Other provisions — Children's data and statistical purposes
The law explicitly confirmed that processing of children's data with residence in Republic of Croatia in relation to information technology is lawful if the child is at least 16, without further derogations and/or setting lower age limits.
State bodies performing official state statistics activities are not required to enable data subjects to exercise the right to access, right to rectification, right to limitation of processing or right to objection in cases when the exercising of those rights would threaten or disable the state body in performing the statistic activities.
Administrative fines
State administrative bodies, other state bodies and units of local and regional self-government are excluded from the charging of administrative fines. On the other side, an administrative fine can be charged from the legal entity performing public authorities or legal entity providing public services, but in the amount which cannot put in danger performance of such public authorities/services.
Public e-consultations brought a discussion about what should be deemed “other state body,” which would be excluded from the charging of administrative fines. The clear definition of that term was not adopted under the explanation that several laws in Republic of Croatia define “other state bodies” in different ways and with different scopes, due to which there can be no strict and preliminary definition of it.

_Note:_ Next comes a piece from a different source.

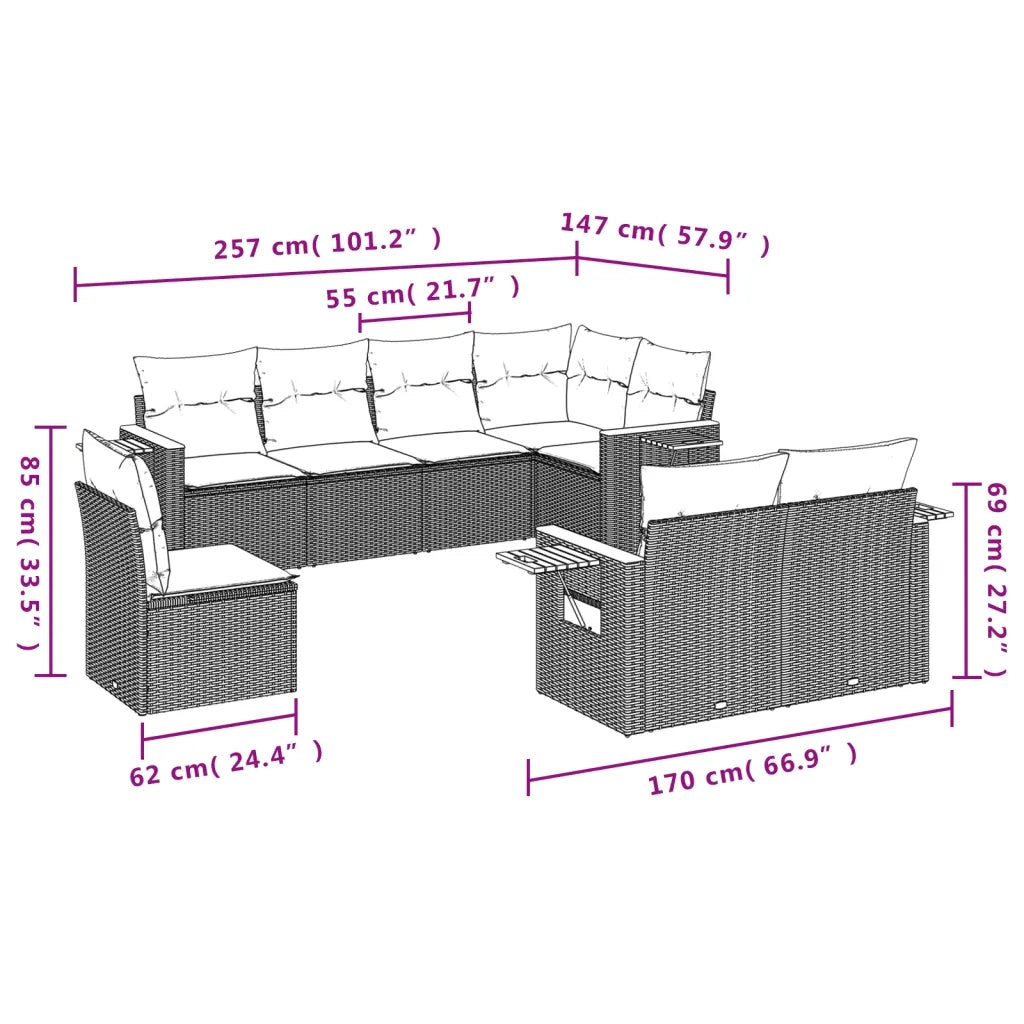 Set Divano da Giardino 8 pz con Cuscini Beige in Polyrattan 3227004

The agency is authorized to render a decision on installment payment of administrative fine. If there is no installment payment ordered in particular case, total amount of fine becomes due upon the expiry of 15 days from the day the decision became final and binding.
Conclusion
The law sets quite clear frames for the agency’s powers and duties, for its composition and proceedings it undertakes. On the other side, the legislators did not use a number of the possibilities that the GDPR left to national laws, such as derogations related to data protection officers, specific rules on certification procedure, codes of conduct, etc. However, the rules that are brought, especially the ones related to biometric data processing and exclusion of state bodies from administrative fines, are completely new in comparison to previous Law on Personal Data Protection. Having in mind possible ambiguities implied in those rules, it will be interesting to monitor how they will be applied in practice.